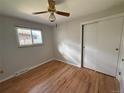 Cozy bedroom featuring hardwood floors, a ceiling fan, and a sliding-door closet at 2991 S Whiting Way, Denver, CO 80231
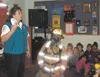 First-graders learn about smoke alarms from Kym Savage. The
children also learned that firefighters in uniform, though they may
look scary, are there to help. Photo courtesy of Kathleen Krug.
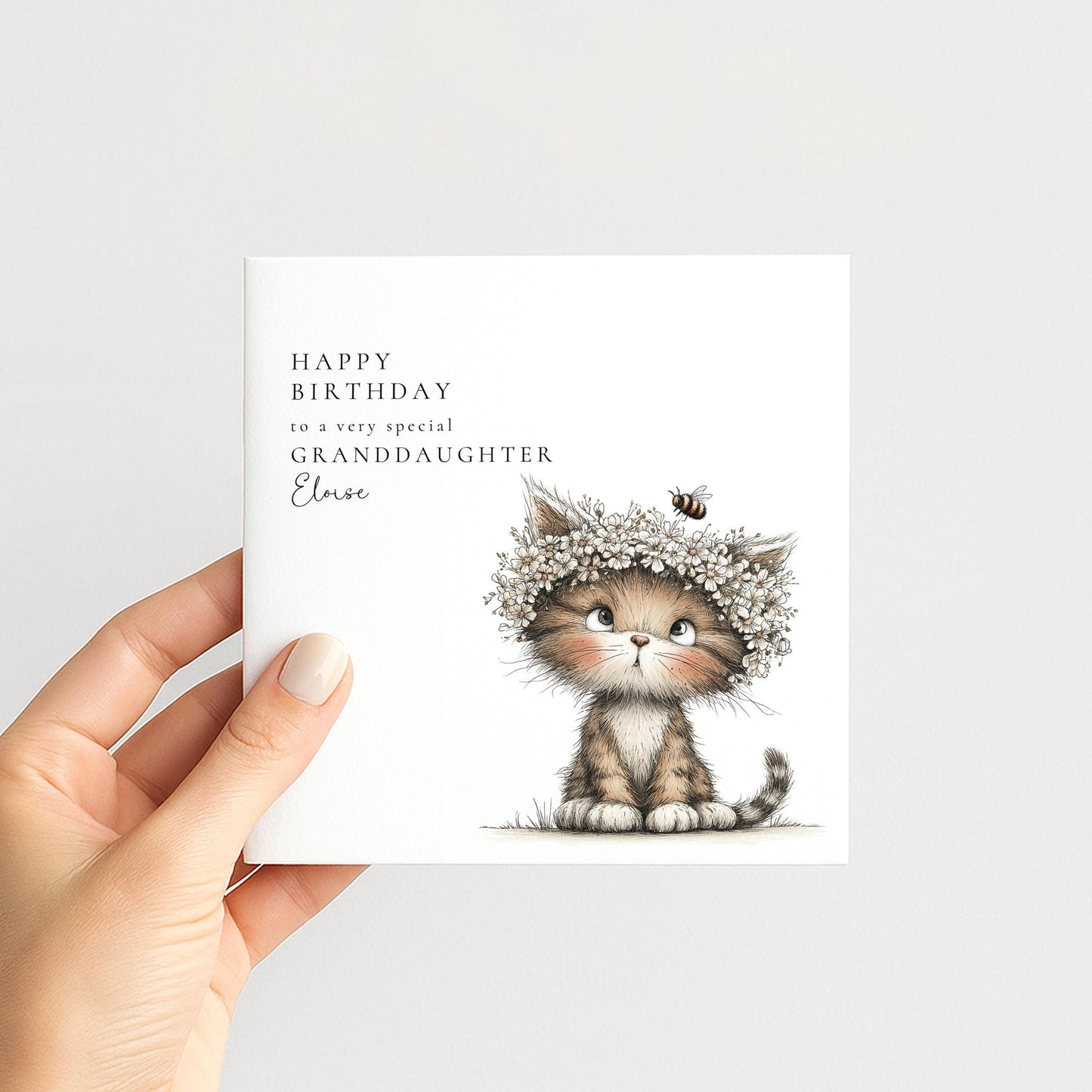 A hand holding a birthday card with a cute cat wearing a flower crown.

..........

REQUIRED WORK ▸ For this exercise, write out the listing verbatim and leave every image out.

ANSWER SPACE ▸
 Cozy bedroom featuring hardwood floors, a ceiling fan, and a sliding-door closet at 2991 S Whiting Way, Denver, CO 80231
 First-graders learn about smoke alarms from Kym Savage. The
children also learned that firefighters in uniform, though they may
look scary, are there to help. Photo courtesy of Kathleen Krug.
 A hand holding a birthday card with a cute cat wearing a flower crown.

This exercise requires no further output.